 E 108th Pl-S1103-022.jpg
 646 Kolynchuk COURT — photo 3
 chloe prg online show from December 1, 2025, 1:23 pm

══════════════════════════════

* _Work instruction_: The whole listing, restated word for word, is the expected answer.

* _Solution to this task_:
 E 108th Pl-S1103-022.jpg
 646 Kolynchuk COURT — photo 3
 chloe prg online show from December 1, 2025, 1:23 pm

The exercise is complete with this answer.